Fair Pay for Artists!

It helps for some of us: 293 albums added last year, 130 from Bandcamp.

There is a big difference between “legal protection” and “mandated compensation”.

I buy from Bandcamp when I can, but many albums I want to buy are not on Bandcamp unfortunately. I can’t believe how difficult some artists make it to buy their music in a digital form, which makes zero sense to me.

1 Like

No kidding. I’ve over the years interacted with some relatively well-known artists who had outsourced their recorded music distribution to incompetent sidekicks. So smart in their music, so clueless with respect to their digital market. Oh well.

1 Like

No but its how artists can control the money they earn without losing it all to the record companies.
Not the place for Taylor Swift and co, but certainly the place that about 80% of what I am listening to is released and purchased and that seems to be getting higher.

It is growing and needs more people that want to spend more than £9.99 on all the Music in the world.
I have purchased 70+ albums this year from Bandcamp and consider it an investment in the bands

This thread is 39 entries long, and the definition of “fair compensation” has yet to surface.

But history has shown that trying to set “fair” compensation for any affinity group is a fool’s errand. The market does a far better job of it than any government mechanism.

1 Like

The solution isn’t Bandcamp. Most music consumers today stream. They don’t buy music. Buying the music of mostly obscure artists on Bandcamp is not a threat to the streaming services or the labels. If a musician wants to be heard, they need to be on the big streaming services.
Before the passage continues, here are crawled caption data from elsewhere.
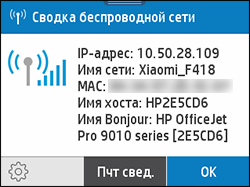 Пример экрана со сводной информацией о беспроводном подключении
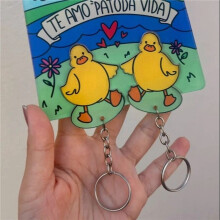 2X Duckling Nyckelring Nya Creatives Ornaments Nyckelring Söt PVC+Akryl Par Nyckelring Herr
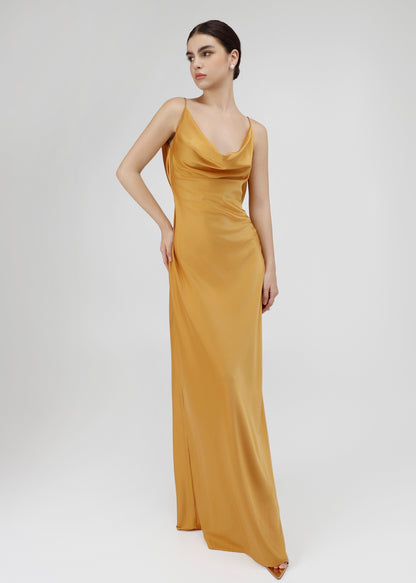 The Aurora Dress - Golden Silk Gown with Draped Cowl Neck and Chain Detail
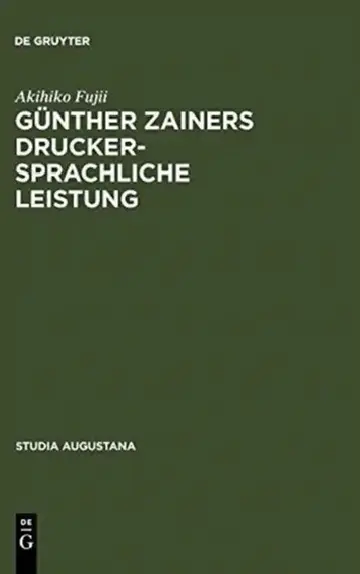 Cover of Günther Zainers druckersprachliche Leistung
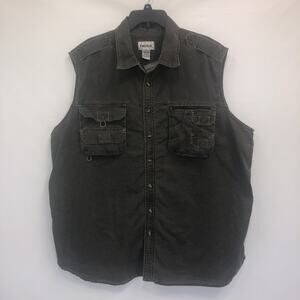 King Size Button Up Adult XXL Mens Gray Sleeveless Denim Jacket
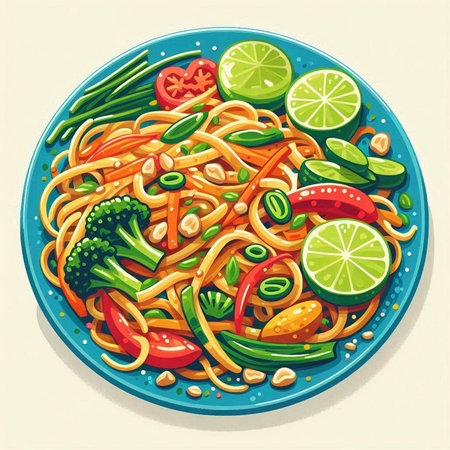 Noodles with vegetables in a blue plate. Vector illustration.のイラスト素材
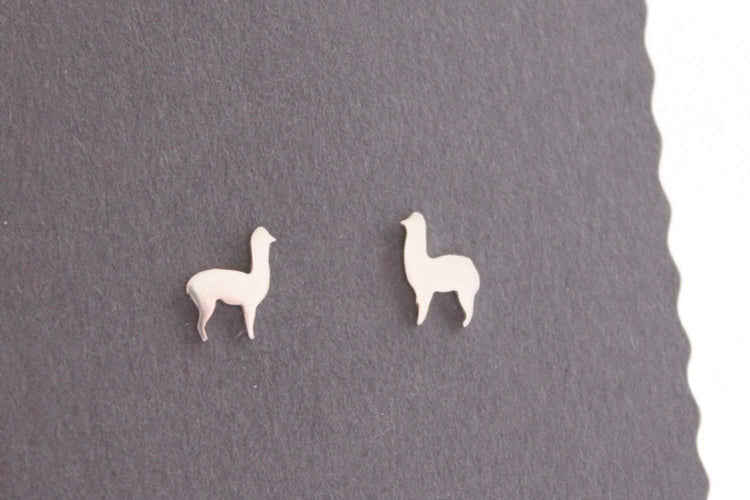 Llama Stud Earring Pair, Handmade from Sterling Silver - Sweet November Jewelry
The problem for many artists is that streaming provides literally no income. Obviously touring has been difficult which has accentuated the problem.

I agree that streaming is the future, hence the need for government intervention to improve the failings of unchecked markets. After all, that’s what happens already in many industries.

1 Like

Its a solution for some bands to get real money, but it is not the solution for the market as a whole I agree.

By using the thousand true fans idea many bands will be able to fund themselves through services like BandCamp and get to keep most of the money they generate.
I don’t really see a UK government shake up of streaming making any headway in the next few years as it will drag out.

Without having properly looked at the numbers, I don’t find streaming to actually be the issue at hand.

Let’s back up a few decades. You had artists playing on radios. Some of them made a lot of money out of royalties. The big ones. Other made jack shhhhht. The small ones. Now comeback to the present and look at streaming - it’s the same thing with one big distinction. Back then people listened to an artist on the radio and went out to buy their records, so they can listen at their own leisure. Nowadays streaming is something people can enjoy at their own leisure so a lot of them don’t buy records anymore - the balance has tipped in that an album must really be worth it to be bought.

That being said, less and less people listen to radio and less are willing to actually buy records. On the other side, you have more and more artists and everyone thinks they deserve to get rich out of it. One should stop and think if they actually deserve that. Some do, obviously, but the majority are just unimaginative me-toos.

I for one still buy physical media, but only after I’ve heard it streaming and I deem it worthy. Can’t buy every damned album that comes out.